## Directions for this task:
Exactly as they appear, write the lines from the one containing "Prime Commercial Warehouse" to the final line of the entries, leaving pictures out.

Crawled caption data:
▬▬▬▬▬▬▬▬▬▬

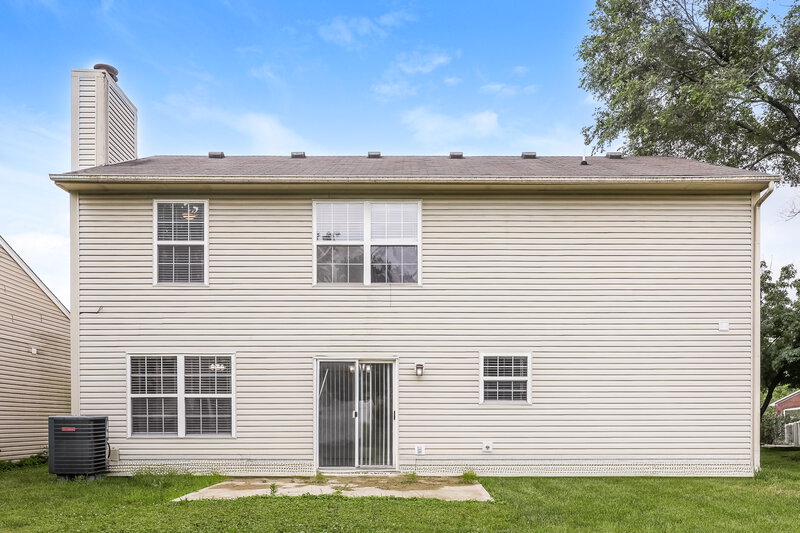 1,935/Mo, 19166 Strand Ct Noblesville, IN 46060 Rear View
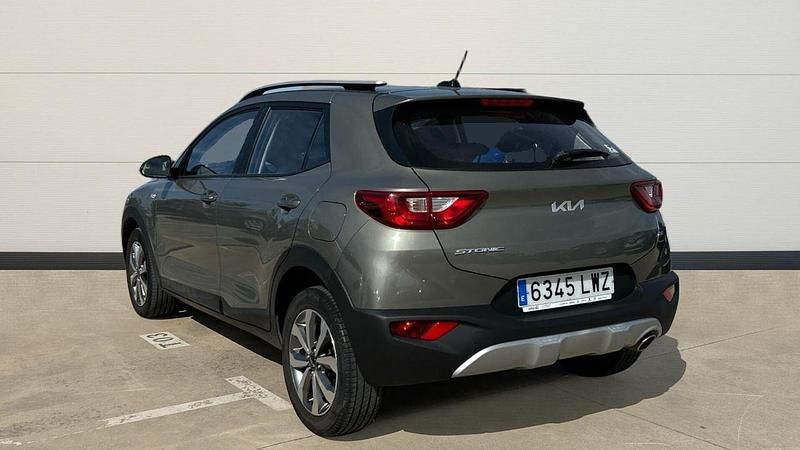 Usado Kia Stonic 84 CV (61 kW) 2022 Gris SUV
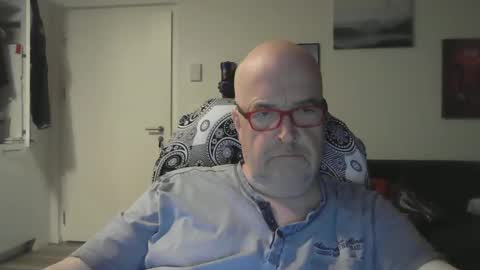 boston1967524903 online show from May 7, 6:41 am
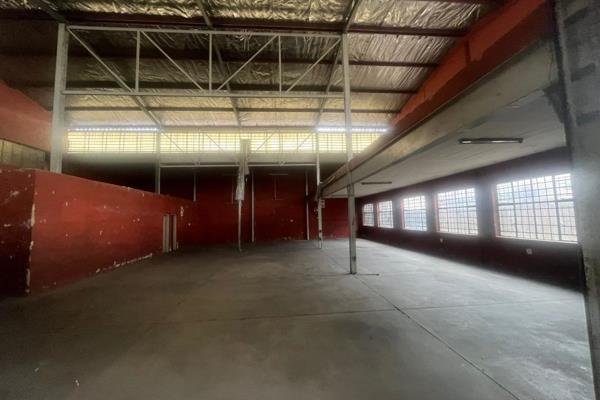 Prime Commercial Warehouse Space Available for Rent
Located in the heart of Pretoria, this expansive warehouse offers an ideal space ...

▬▬▬▬▬▬▬▬▬▬

## Answer for this exercise:
 Prime Commercial Warehouse Space Available for Rent
Located in the heart of Pretoria, this expansive warehouse offers an ideal space ...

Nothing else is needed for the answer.